Provided material ::
_ _ _

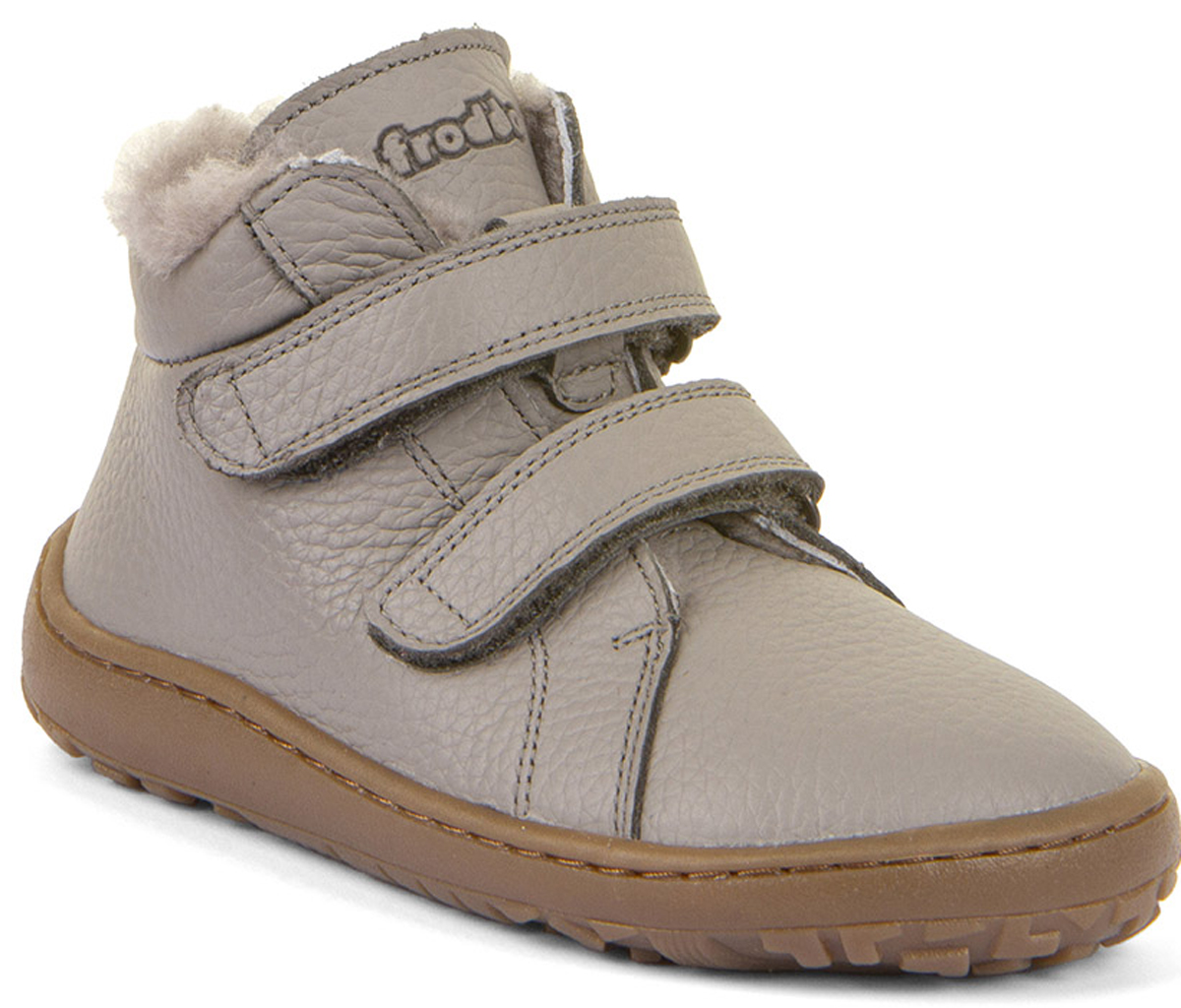 Lammfell gefütterte Barfußschuhe /Winterschuhe Mid Top Nappaleder Hellgrau von Froddo G3110263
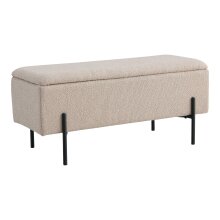 Truhenbank >Watford< in Beige, Stoff - 95x46x36,5cm...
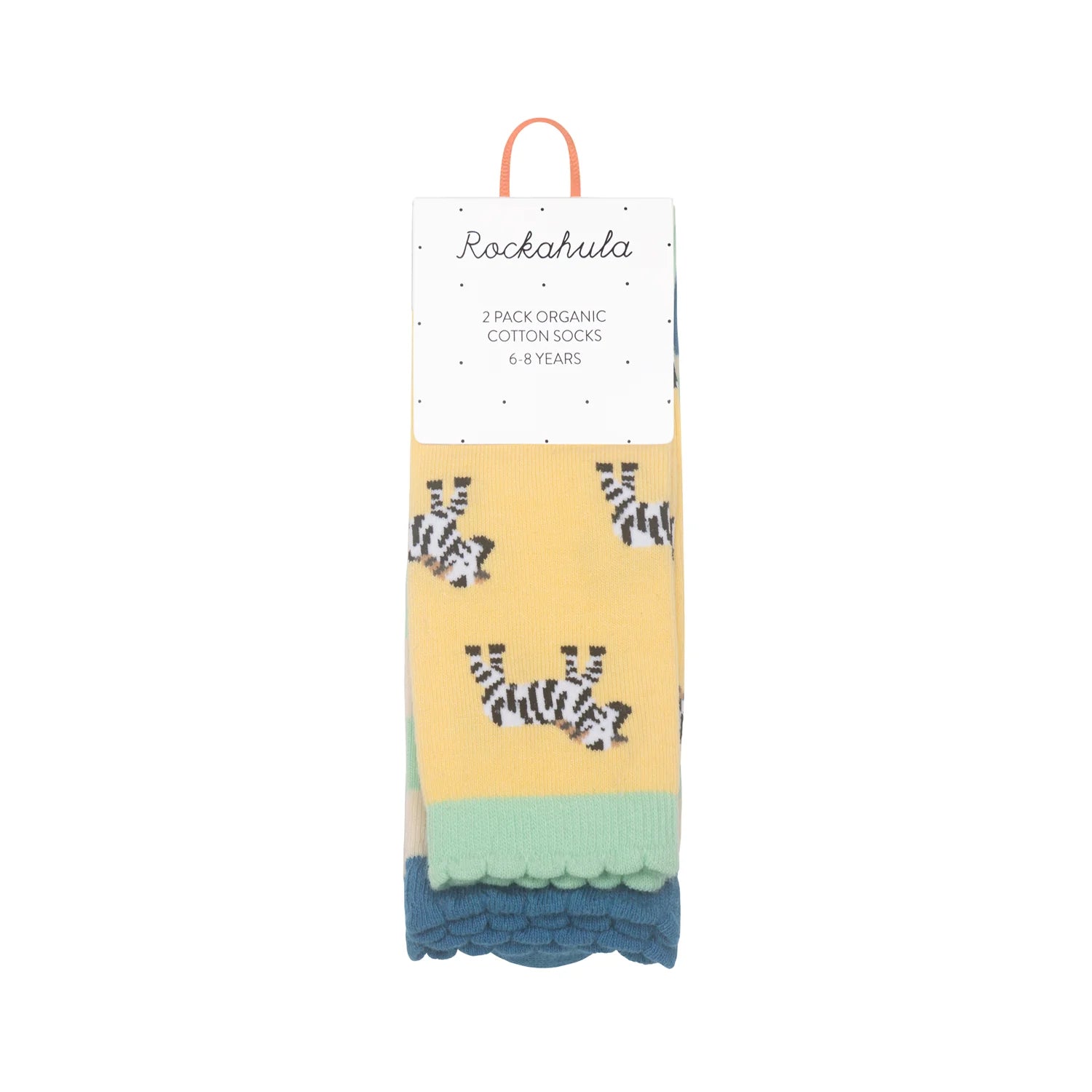 Pack of socks by Rockahula with animal design on a yellow background, brand 'Rockahula' visible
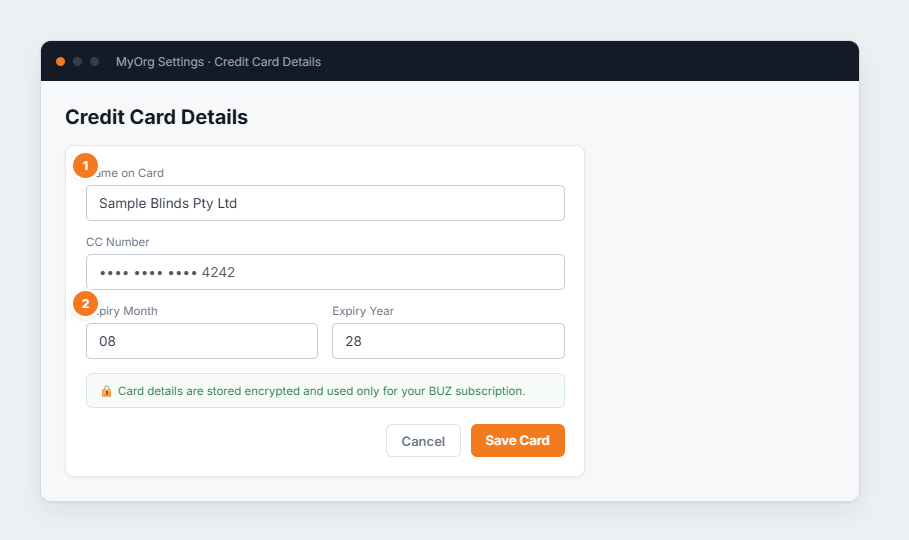The Credit Card Details form with name on card, card number and expiry fields, and a security notice.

_ _ _

Task requirements ::
Transcribe exactly the line that contains "Pack of socks" and each line after it through the end of the listing. Leave out the pictures.

Exercise result ::
 Pack of socks by Rockahula with animal design on a yellow background, brand 'Rockahula' visible
The Credit Card Details form with name on card, card number and expiry fields, and a security notice.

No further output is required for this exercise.